Reworked Content Catalogs

The sidebar filter in every site content catalog was extended with a switch between the official, community, and your posts.

Content Creation Wizard

Every "My Content" section has gotten a "Create Tutorial/Challenge/etc." button, which opens a (hopefully) intuitive wizard.

Self-Service Content Access Control

From now on, content authors can share their content publicly (or with a limited group of users) in full self-service using a handy UI. Before that, it was a manual process that required me to push the "publish" button (more like to execute a DB update query, but we won't tell anyone 🙈).

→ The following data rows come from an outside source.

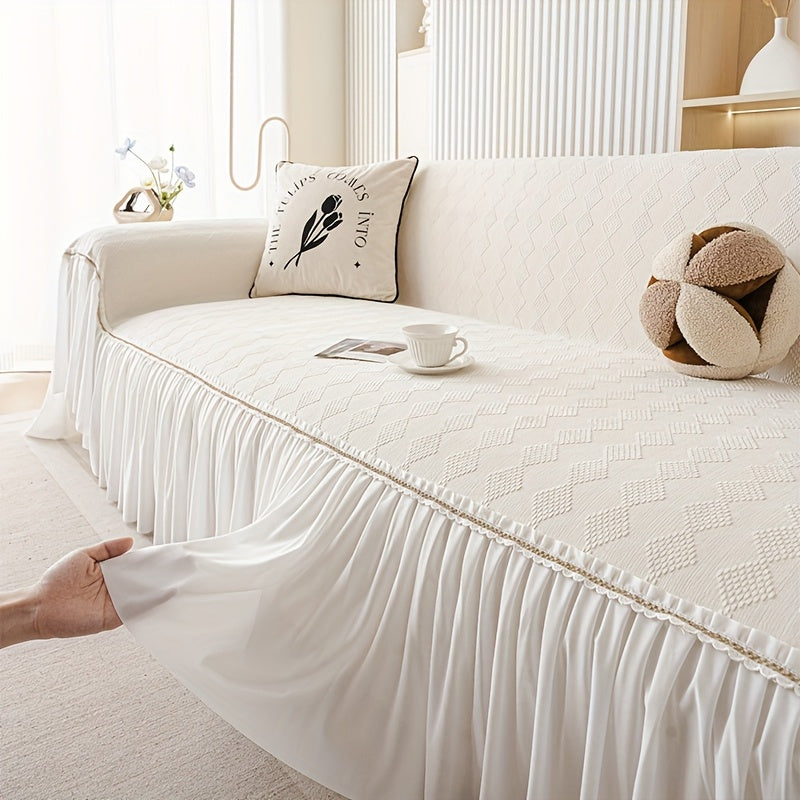 1pc of Creamy Soft And Comfortable Sofa Towel, Nordic Easy Modern Style Chenille Four Seasons Universal Solid Color Sofa Cover Blanket, Diamond Lattice Traditional Geometric Pattern, French Skirt Lace Edge Design, Non-Slip, Suitable for Bedroom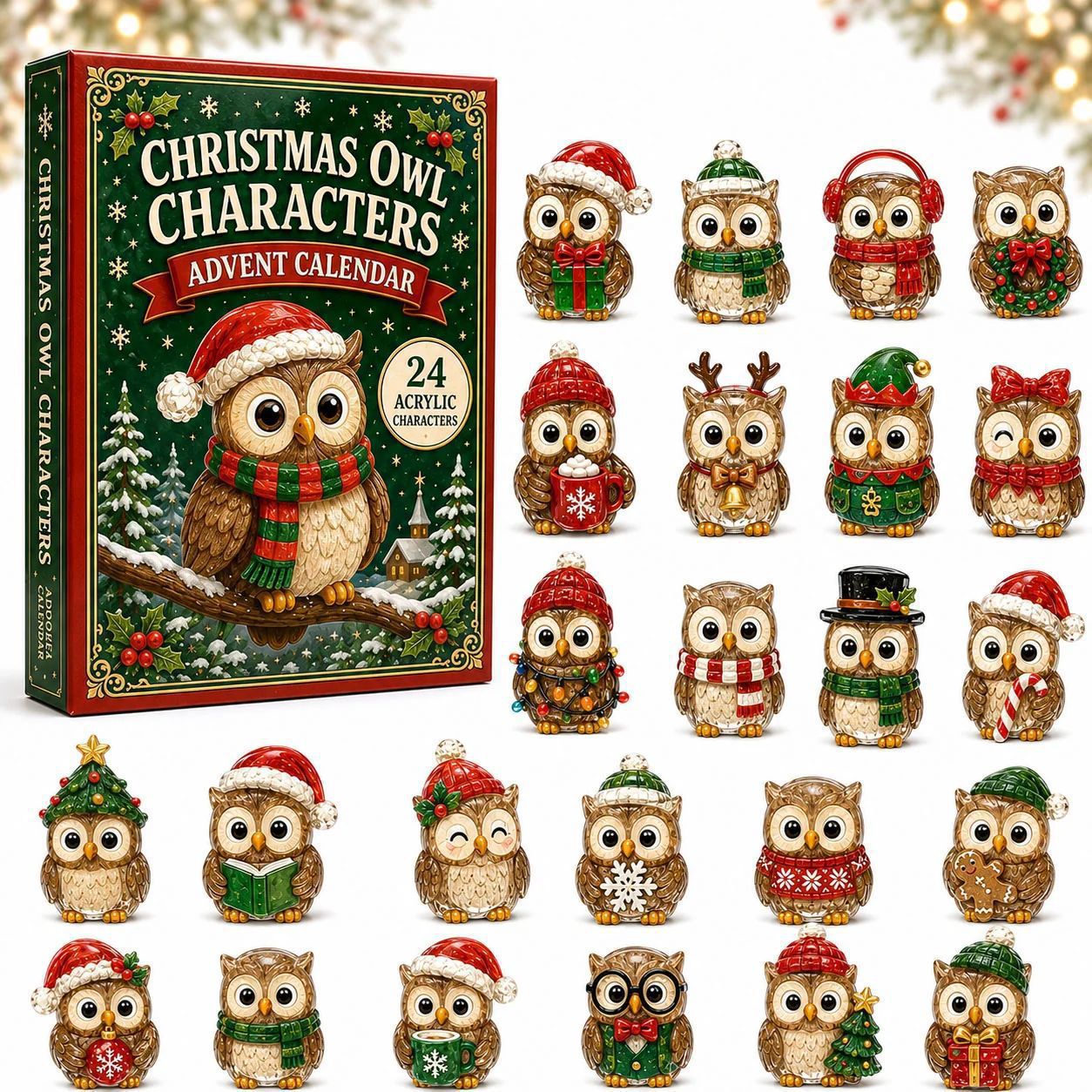CHRISTMAS KICKOFF 49% OFF - Whimsical Owls Advent Calendar 2026 - 24-Day Festive Countdown, Acrylic Charms Blind Box - Gift For Animal Lovers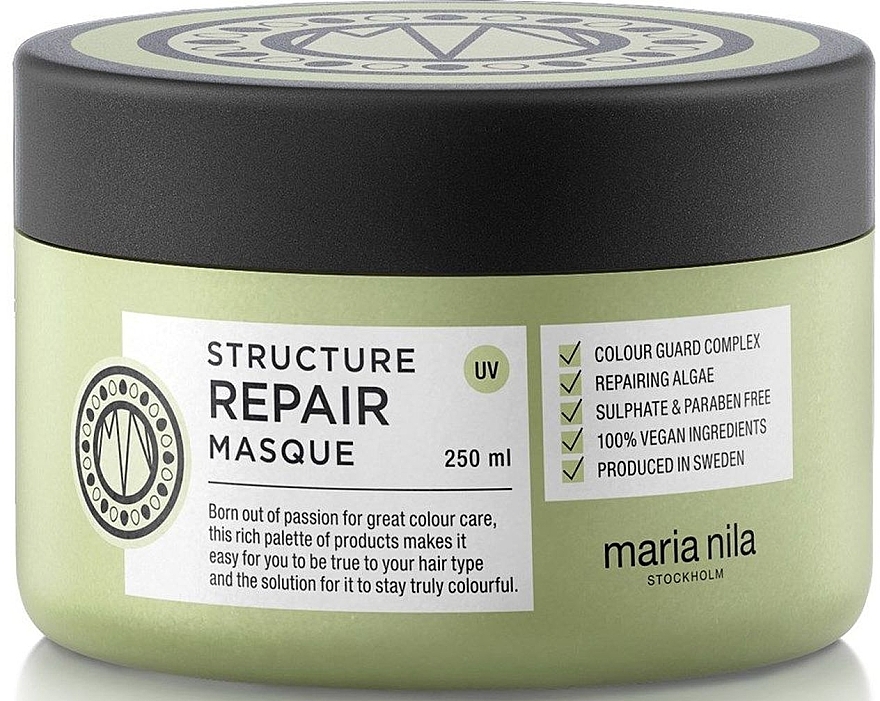 Dry & Damaged Hair Mask - Maria Nila Structure Repair Masque — photo N1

Every author can share their content on social media, in their newsletter, or wherever they like with a direct link (e.g., https://labs.iximiuz.com/tutorials/my-awesome-tutorial).

Listing the published content in any of the platform's catalogs (a.k.a. "featuring") is also possible, but it remains a subject of my approval (mainly to ensure a certain level of content quality in the catalogs). Reach out if you want some extra exposure for your posts or challenges (just reply to this email or join our #author-experience channel).

Content Authoring Docs

Yay! Documentation!

• ​How to author Tutorials on iximiuz Labs​
• ​How to author Challenges on iximiuz Labs​
• ​How to author Skill Paths on iximiuz Labs​

Since I used iximiuz Labs to publish the docs 'cuz choosing any other solution would be a very bad look, the docs source itself serves as the documentation, so it's a good idea to check https://github.com/iximiuz/labs-content-samples out, too.

Markdown Support for Playgrounds

Custom playgrounds are also a form of content, so they deserve the same expressive powers as tutorials, skill paths, or challenges.

It's been possible to create your own playgrounds for a few months now, and I can see more than 100 of them in the DB. I chose a few of the most generic (and polished) ones for the recently added community catalog, and I also used my own Getting Started with Istio Playground to showcase the new markdown-powered description and the ability to upload static files (good fit for visuals but you can also use it to ship larger init scripts or even binaries with a custom playground).

Exposing HTTPS Services Running in Playgrounds

Exposing HTTP services running in playgrounds (a.k.a. "Expose Port" feature) has been available (almost) since day one, but this month, I finally added the ability to expose HTTPS targets.

​

I also fully reworked the "Expose Port" dialog:

• Added HTTP/HTTPS toggle
• Added (optional) Host header and Path rewrites
• Added a table with previously exposed ports (and their links) and the ability to un-expose them.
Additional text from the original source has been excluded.